* _What is expected_
Once you find the line in the listing below that contains "УРАГАН В САРАТОВСКОЙ", copy it and every following line exactly, stopping at the end.

(Data section)

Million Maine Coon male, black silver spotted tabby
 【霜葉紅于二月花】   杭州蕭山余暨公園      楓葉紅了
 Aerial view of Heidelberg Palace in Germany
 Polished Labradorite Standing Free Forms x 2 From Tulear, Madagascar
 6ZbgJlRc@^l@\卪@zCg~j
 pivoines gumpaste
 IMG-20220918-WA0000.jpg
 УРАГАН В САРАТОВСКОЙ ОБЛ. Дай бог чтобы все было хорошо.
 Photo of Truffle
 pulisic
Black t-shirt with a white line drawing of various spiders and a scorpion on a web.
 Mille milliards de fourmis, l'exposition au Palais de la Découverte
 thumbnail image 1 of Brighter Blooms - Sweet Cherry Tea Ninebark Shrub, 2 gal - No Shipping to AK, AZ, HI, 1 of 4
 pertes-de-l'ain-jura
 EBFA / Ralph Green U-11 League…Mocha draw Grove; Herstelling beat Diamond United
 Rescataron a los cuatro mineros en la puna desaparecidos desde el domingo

(End Data section)

* _Completed exercise_
 УРАГАН В САРАТОВСКОЙ ОБЛ. Дай бог чтобы все было хорошо.
 Photo of Truffle
 pulisic
Black t-shirt with a white line drawing of various spiders and a scorpion on a web.
 Mille milliards de fourmis, l'exposition au Palais de la Découverte
 thumbnail image 1 of Brighter Blooms - Sweet Cherry Tea Ninebark Shrub, 2 gal - No Shipping to AK, AZ, HI, 1 of 4
 pertes-de-l'ain-jura
 EBFA / Ralph Green U-11 League…Mocha draw Grove; Herstelling beat Diamond United
 Rescataron a los cuatro mineros en la puna desaparecidos desde el domingo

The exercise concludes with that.